● **Exercise**:
Begin at the line containing "Satinkleid mit floraler" in the data below and go on through the line containing "Immobilie in Viereth-Trunstadt", repeating each line exactly; include both ends and no other line.

Data records
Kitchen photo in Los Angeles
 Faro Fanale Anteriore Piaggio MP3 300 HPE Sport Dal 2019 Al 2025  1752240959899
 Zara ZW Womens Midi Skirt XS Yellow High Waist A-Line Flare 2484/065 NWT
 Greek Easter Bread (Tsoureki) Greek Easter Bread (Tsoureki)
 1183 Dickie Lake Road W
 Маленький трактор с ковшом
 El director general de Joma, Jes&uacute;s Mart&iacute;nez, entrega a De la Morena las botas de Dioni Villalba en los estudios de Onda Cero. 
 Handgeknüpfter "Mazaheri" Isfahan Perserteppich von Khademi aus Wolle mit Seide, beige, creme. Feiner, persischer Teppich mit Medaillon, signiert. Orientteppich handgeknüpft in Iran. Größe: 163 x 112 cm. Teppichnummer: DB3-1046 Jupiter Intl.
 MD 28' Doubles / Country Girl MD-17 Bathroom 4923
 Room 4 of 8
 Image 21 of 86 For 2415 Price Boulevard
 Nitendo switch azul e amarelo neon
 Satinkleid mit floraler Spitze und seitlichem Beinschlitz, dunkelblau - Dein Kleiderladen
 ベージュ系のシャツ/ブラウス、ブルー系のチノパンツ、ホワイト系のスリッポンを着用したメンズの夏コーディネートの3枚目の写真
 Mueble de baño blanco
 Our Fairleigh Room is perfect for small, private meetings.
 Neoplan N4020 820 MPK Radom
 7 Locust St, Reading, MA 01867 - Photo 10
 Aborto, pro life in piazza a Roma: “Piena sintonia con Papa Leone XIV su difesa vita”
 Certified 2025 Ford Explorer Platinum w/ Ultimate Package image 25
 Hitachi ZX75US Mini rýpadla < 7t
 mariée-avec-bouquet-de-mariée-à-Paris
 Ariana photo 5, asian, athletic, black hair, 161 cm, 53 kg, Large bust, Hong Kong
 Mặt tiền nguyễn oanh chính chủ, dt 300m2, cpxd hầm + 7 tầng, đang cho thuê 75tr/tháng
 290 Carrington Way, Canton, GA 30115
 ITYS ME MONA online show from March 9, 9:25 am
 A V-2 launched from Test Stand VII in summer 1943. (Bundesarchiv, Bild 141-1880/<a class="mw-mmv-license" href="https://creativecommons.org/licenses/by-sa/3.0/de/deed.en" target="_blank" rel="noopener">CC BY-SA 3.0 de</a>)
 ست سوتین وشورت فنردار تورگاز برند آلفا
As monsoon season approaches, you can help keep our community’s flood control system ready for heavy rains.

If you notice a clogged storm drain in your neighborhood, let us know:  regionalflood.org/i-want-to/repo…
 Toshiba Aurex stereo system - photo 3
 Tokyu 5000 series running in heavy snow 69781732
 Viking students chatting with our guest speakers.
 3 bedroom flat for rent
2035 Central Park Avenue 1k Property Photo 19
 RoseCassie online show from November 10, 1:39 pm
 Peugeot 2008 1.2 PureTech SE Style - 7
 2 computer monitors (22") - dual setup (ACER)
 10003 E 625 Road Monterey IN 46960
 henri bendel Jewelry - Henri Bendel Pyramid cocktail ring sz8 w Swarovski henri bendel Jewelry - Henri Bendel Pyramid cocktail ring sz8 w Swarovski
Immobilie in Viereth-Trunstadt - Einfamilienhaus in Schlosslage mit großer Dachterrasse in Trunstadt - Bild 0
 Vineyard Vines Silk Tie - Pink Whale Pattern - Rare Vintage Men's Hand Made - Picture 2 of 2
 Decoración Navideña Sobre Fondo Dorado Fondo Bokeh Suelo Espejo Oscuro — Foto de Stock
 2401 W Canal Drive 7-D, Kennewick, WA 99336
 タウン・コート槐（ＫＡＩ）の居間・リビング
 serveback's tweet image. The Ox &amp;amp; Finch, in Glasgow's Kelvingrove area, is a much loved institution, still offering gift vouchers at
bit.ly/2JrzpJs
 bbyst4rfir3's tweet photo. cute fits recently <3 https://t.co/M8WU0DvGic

● **Answer box**:
 Satinkleid mit floraler Spitze und seitlichem Beinschlitz, dunkelblau - Dein Kleiderladen
 ベージュ系のシャツ/ブラウス、ブルー系のチノパンツ、ホワイト系のスリッポンを着用したメンズの夏コーディネートの3枚目の写真
 Mueble de baño blanco
 Our Fairleigh Room is perfect for small, private meetings.
 Neoplan N4020 820 MPK Radom
 7 Locust St, Reading, MA 01867 - Photo 10
 Aborto, pro life in piazza a Roma: “Piena sintonia con Papa Leone XIV su difesa vita”
 Certified 2025 Ford Explorer Platinum w/ Ultimate Package image 25
 Hitachi ZX75US Mini rýpadla < 7t
 mariée-avec-bouquet-de-mariée-à-Paris
 Ariana photo 5, asian, athletic, black hair, 161 cm, 53 kg, Large bust, Hong Kong
 Mặt tiền nguyễn oanh chính chủ, dt 300m2, cpxd hầm + 7 tầng, đang cho thuê 75tr/tháng
 290 Carrington Way, Canton, GA 30115
 ITYS ME MONA online show from March 9, 9:25 am
 A V-2 launched from Test Stand VII in summer 1943. (Bundesarchiv, Bild 141-1880/<a class="mw-mmv-license" href="https://creativecommons.org/licenses/by-sa/3.0/de/deed.en" target="_blank" rel="noopener">CC BY-SA 3.0 de</a>)
 ست سوتین وشورت فنردار تورگاز برند آلفا
As monsoon season approaches, you can help keep our community’s flood control system ready for heavy rains.

If you notice a clogged storm drain in your neighborhood, let us know:  regionalflood.org/i-want-to/repo…
 Toshiba Aurex stereo system - photo 3
 Tokyu 5000 series running in heavy snow 69781732
 Viking students chatting with our guest speakers.
 3 bedroom flat for rent
2035 Central Park Avenue 1k Property Photo 19
 RoseCassie online show from November 10, 1:39 pm
 Peugeot 2008 1.2 PureTech SE Style - 7
 2 computer monitors (22") - dual setup (ACER)
 10003 E 625 Road Monterey IN 46960
 henri bendel Jewelry - Henri Bendel Pyramid cocktail ring sz8 w Swarovski henri bendel Jewelry - Henri Bendel Pyramid cocktail ring sz8 w Swarovski
Immobilie in Viereth-Trunstadt - Einfamilienhaus in Schlosslage mit großer Dachterrasse in Trunstadt - Bild 0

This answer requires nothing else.